Ahmed, qui n'avait aucune notion de français avant son arrivée, échange maintenant aisément dans cette langue, mais il n'a pas réussi à se trouver un emploi. Cet informaticien veut aider les nouveaux arrivants, mais il espère aussi que le projet Hommes-Relais lui permettra d'améliorer son sort.
Et c'est aussi l'objectif de ce stage : aider les participants dans leur propre parcours professionnel, social et familial, explique la directrice générale, Véronica Islas. Ils peuvent être accompagnés personnellement dans leur recherche d’emploi ou de programme d’études. Ils vont aussi recevoir deux diplômes, l'un reconnu par le ministère de l'Éducation et l'autre de notre organisme. Les accompagnements qu'ils vont faire seront reconnus comme un stage en milieu de travail et ils vont obtenir le titre d’agent de liaison communautaire, assure-t-elle.
En ce moment, les hommes-relais se comptent sur les doigts d'une main, mais Mme Islas espère qu'ils vont prendre racine dans le quartier, comme les femmes l'ont fait avant eux.

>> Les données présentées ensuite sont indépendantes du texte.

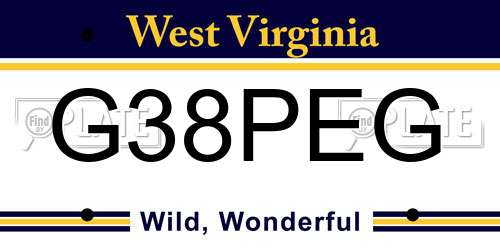 G38PEG West Virginia License Plate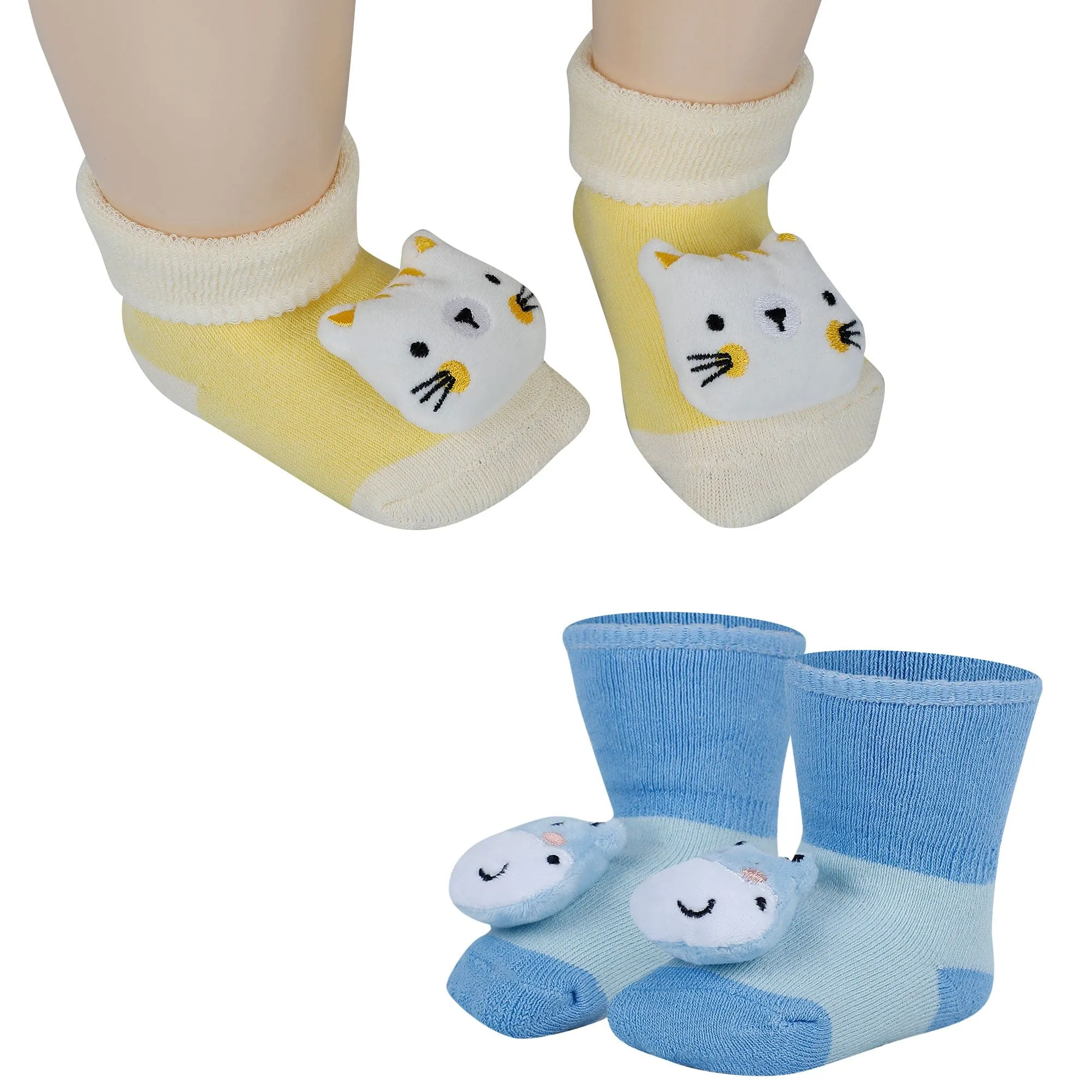 Baby Moo Cat And Hippo 3D Rattle Anti-Skid Socks Booties Pack of 2 - Yellow, Blue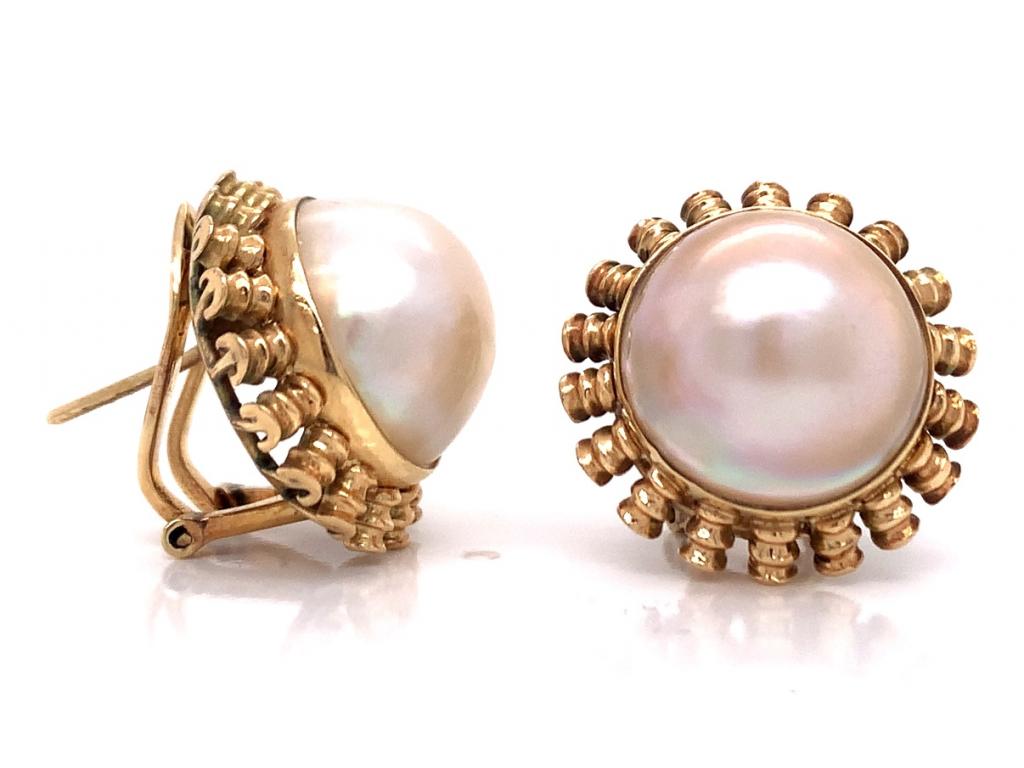 14ct mabe pearl earrings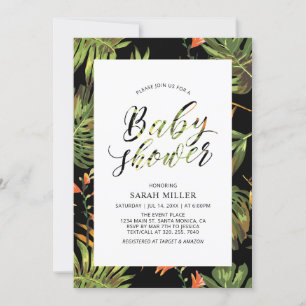 Tropiskt blommönster Baby Shower-inbjudan Inbjudningar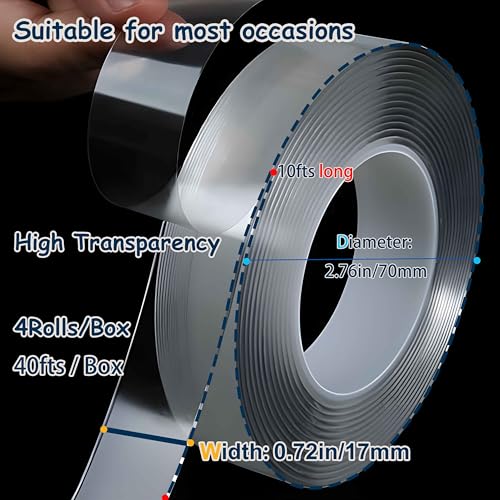 Valley'sYuMiao 4Rolls, Nano Double Sided Mountinging Tape, Adhesive-self Heavy Duty Tape, 2 Sides Sticky Tack Tape, 0.7in×10fts, 40fts Total Long - size: 4Rolls, 0.7″,40fts TL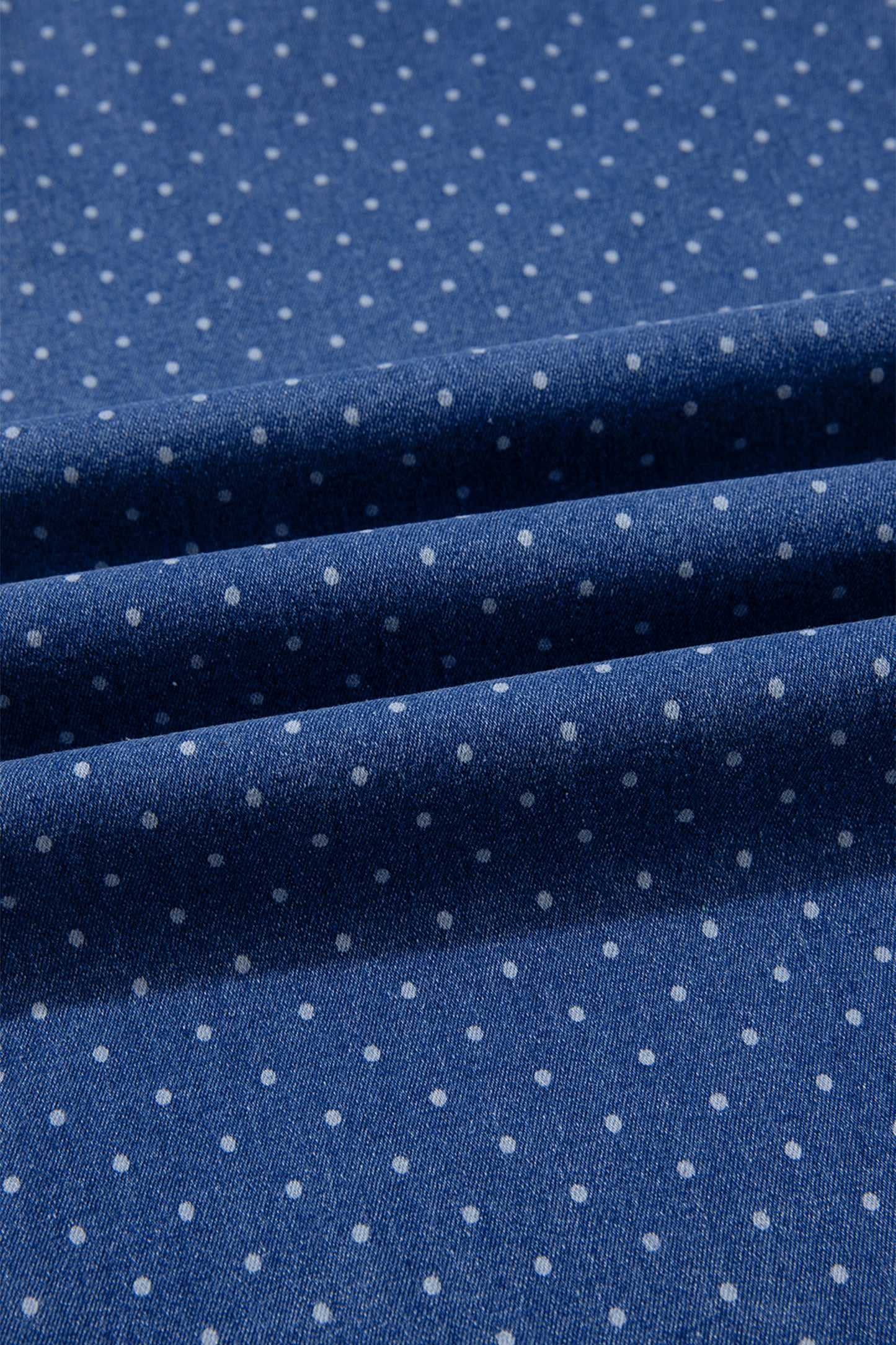 Sky Blue Polka Dot Wide Leg Full Length Shift Silhouette Plus Size Jeans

Selon elle, certains hommes se sentent plus à l'aise de demander de l'aide à un homme : Être accompagné par un autre homme qui a vécu les mêmes choses que toi, qui te comprend lorsque tu n'as plus de repères, que ce soit au niveau professionnel mais aussi comme père de famille, ça peut rassurer et aider.
Le consultant et formateur Alain Giroux croit aussi à ce projet qui réunit des hommes. Les hommes ne se confient pas de la même manière. Ça leur prend plus de temps que les femmes. Il ne faut pas les forcer, mais quand c'est parti...c'est parti!